That is why ordinary encounters turn into heated contests. A teacher rebukes a student and the classroom sours. A utility worker disconnects power and the customer sees it as disrespect or a personal attack. A police officer gives a lawful instruction and is met with suspicion or anger. It is not always malice. Many simply do not know how to respond when authority steps into their space.

There is also a science behind this. Psychologists call it ‘reactance,’ the natural resistance that rises when people feel their freedom of choice is being taken away. It explains why even reasonable directions are sometimes met with hostility. No one likes being ordered around, and if a person already feels overlooked or disrespected, that resistance flares even faster. Understanding this helps professionals see that the push-back is often less about the instruction itself and more about the feeling of lost control.

Now everyone has a duty to communicate better, but the heavier duty rests on professionals. If you wear a uniform, stand at the front of a classroom, work in health care, or serve the public in any way, you carry the weight of authority. With that comes the responsibility to set the tone. You cannot meet hostility with hostility. You cannot treat silence as stupidity. The professional must steady the room, not shake it.

This begins with how we raise and teach our children. We need to help them recognize their own reactions, to catch themselves when they are about to shutdown or lash out.
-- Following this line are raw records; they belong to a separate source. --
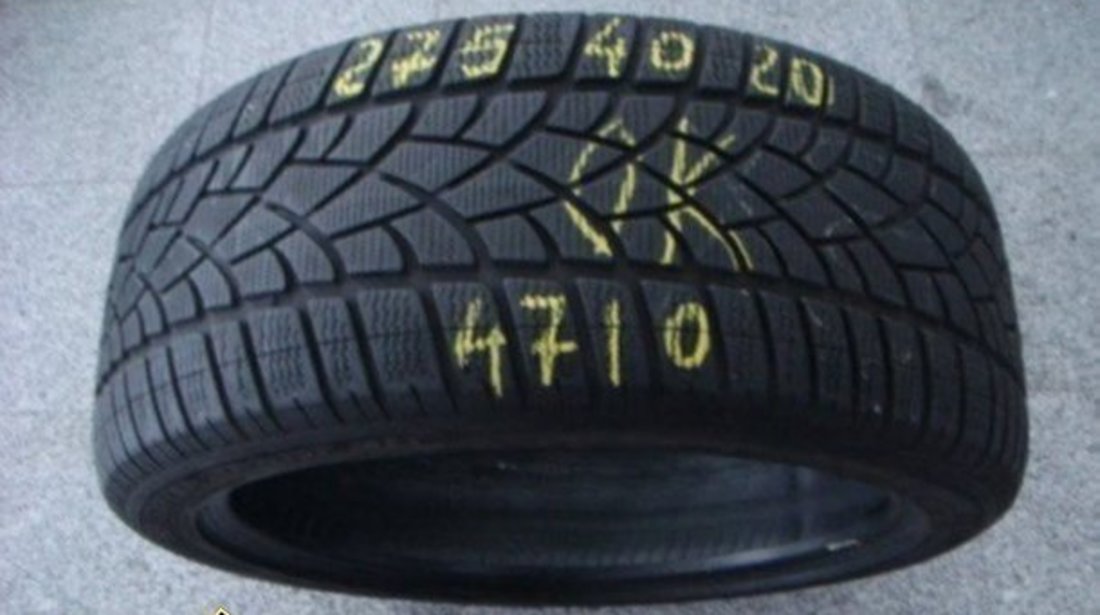 O Anvelopa De Iarna 275 40 20 Dunlop Winter 3d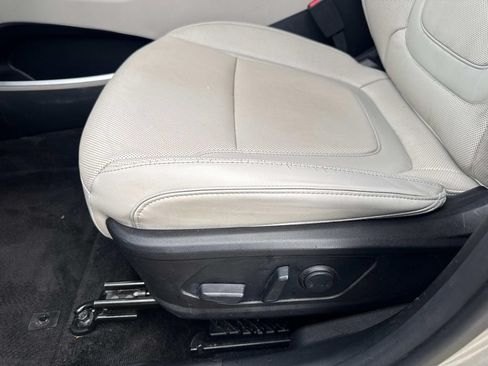Used 2022 Hyundai Tucson Limited FWD image 23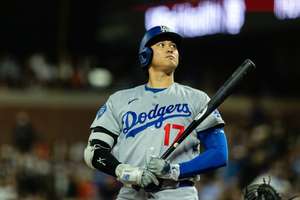 Dodgers look to join Yankees in MLB history as they chase three-peat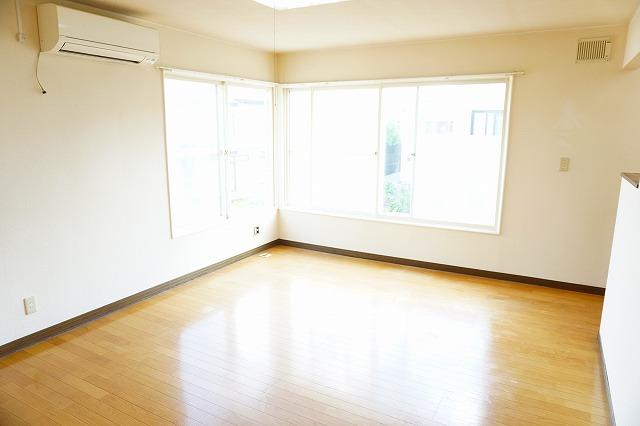 居室・リビング　リビング１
We need to train them to ask questions without sarcasm, to disagree without insulting, to use a steady voice even when emotions are hot. We should practice small conversations where the goal is not to win but to keep the exchange calm. These are not luxuries. They are survival skills. By the time they reach adulthood, young people should be able to cool a room not tip it toward conflict.

For those already serving in frontline roles, we cannot rely on instinct alone. We need habits that work in the heat of the moment. I use a simple heuristic I call PACE. It stands for Pause, Acknowledge, Clarify, Explain.

Pause for a breath and read the body language.

Acknowledge the emotion with a simple line of dignity: “I see you are upset, let us figure this out.”

Next, clarify your authority, the reason, and the options in plain words. For example: ‘I can’t approve this request without the correct ID. That is the policy to protect your account. You can bring the ID later and complete the process, or I can connect you to my supervisor now.’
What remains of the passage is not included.